Once the line holding "In this video, I'm gonna" is found, output it and all remaining lines of the data exactly, with every picture left out.

____ Input data

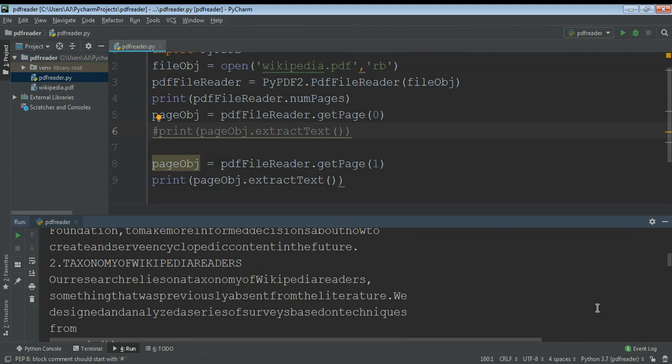This way we can download the PyPDF module and extract the text from PDF files or PDF pages. For more videos please subscribe to our channel. Thank you.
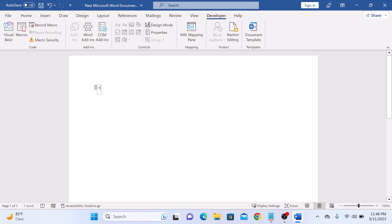That's it. You have learned how to insert checkboxes in Microsoft Word. Thanks for watching and don't forget to hit the like button and subscribe to my channel for more Office guides.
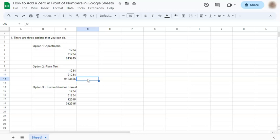And that's how to add a zero in front of numbers in Google Sheets. Thanks for watching. If you found this video helpful, do leave a like and subscribe for more helpful videos. See you on the next one.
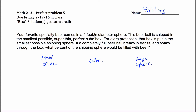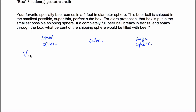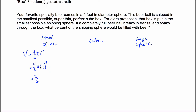For the small sphere, you're told that the diameter of the sphere is one foot. The volume of a sphere is equal to 4/3 times π times the radius cubed. If the diameter is one foot, the radius is half the diameter, so the radius would be half a foot. So you get 4/3 times π times (1/2) cubed, and (1/2) cubed turns out to be 1/8. This simplifies to π over 6, which is the volume of the small sphere.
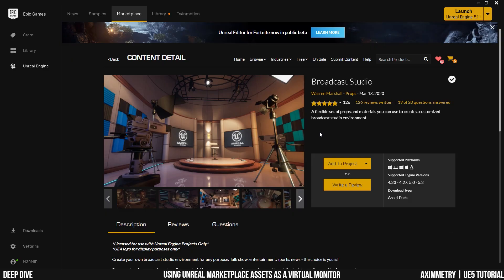What's up guys! Welcome back to the channel. In this video, I'm going to show you guys how to grab one of these monitors from the free broadcast studio pack from the Unreal Engine Marketplace.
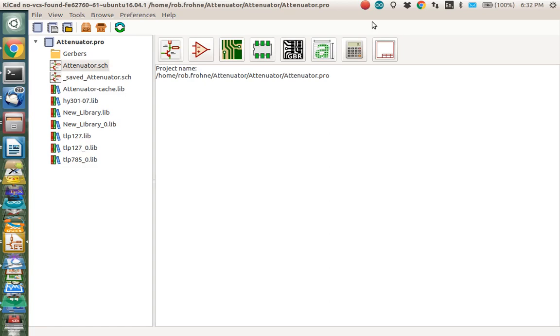Welcome, I'm Rob Fonny and I'm about to show you how to use PCB New in KICAD to create your printed circuit board.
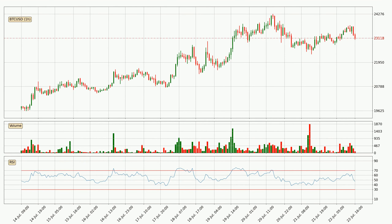Looking at the hourly relative strength index, the current hourly RSI is at 47, so it doesn't show signs of overbought or oversold conditions at this point.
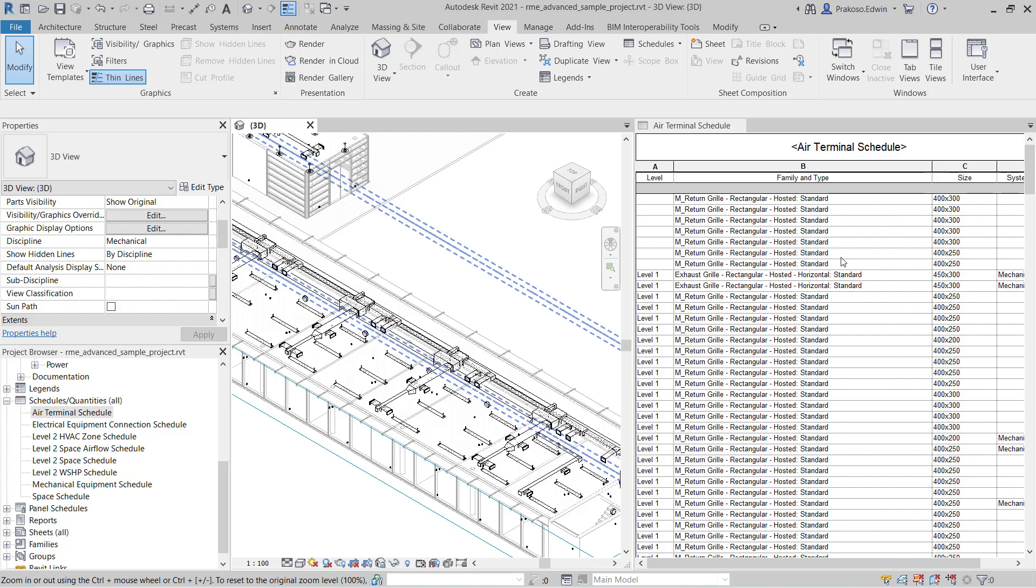Schedule is also a view. It means we can also modify elements and also select the element.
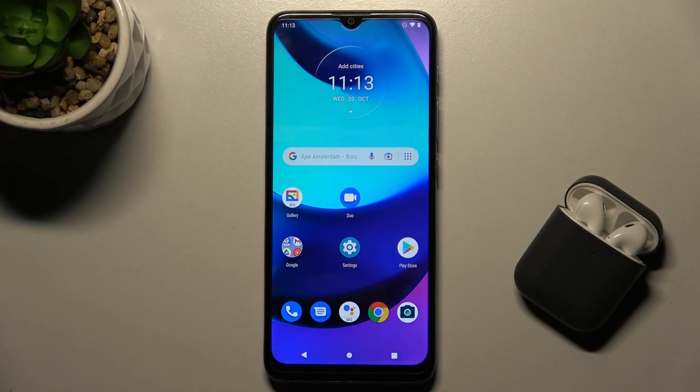Welcome! Today I'm with the Motorola Moto A20 and I'll show you how to adjust the ringtone volume.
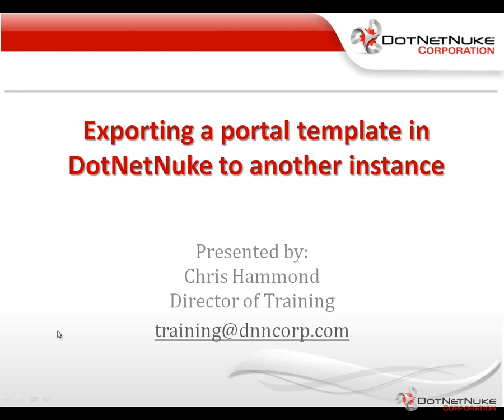In this video, I'm going to show you how you can use the portal template features built into .NET Nuke to export a portal from one instance of .NET Nuke, and then to utilize that portal in another instance.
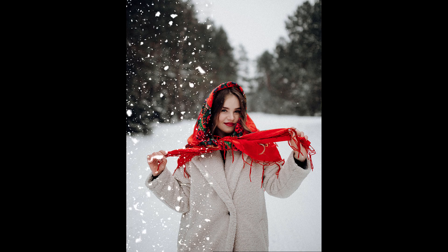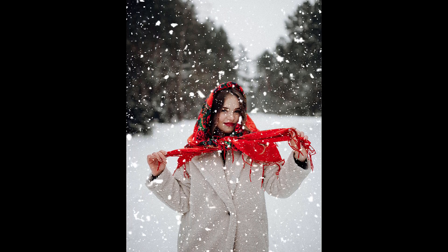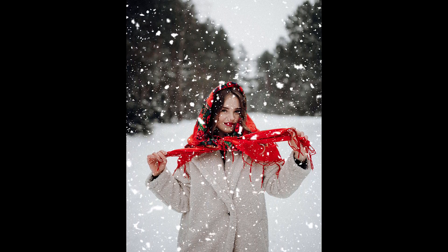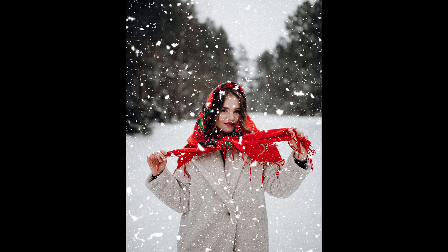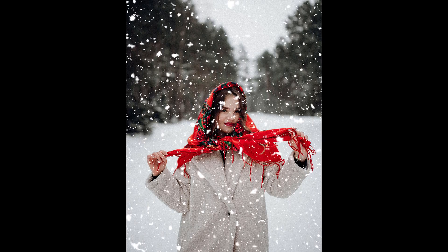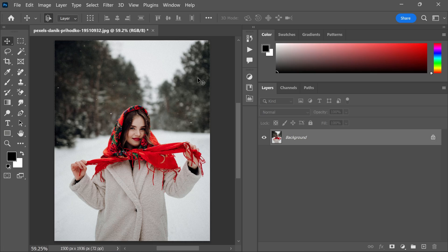In this video, I'm gonna show you how to make this snowfall effect in your picture using Photoshop. Please follow these simple steps shown in this video.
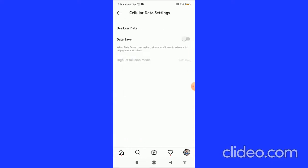Here you can see the data saver option. When you turn on the data saver option, then it will use less data and videos won't load in advance, which means videos are not auto-played.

________

Finished task:
In this video, I'm gonna show you how to make this snowfall effect in your picture using Photoshop. Please follow these simple steps shown in this video.
Here you can see the data saver option. When you turn on the data saver option, then it will use less data and videos won't load in advance, which means videos are not auto-played.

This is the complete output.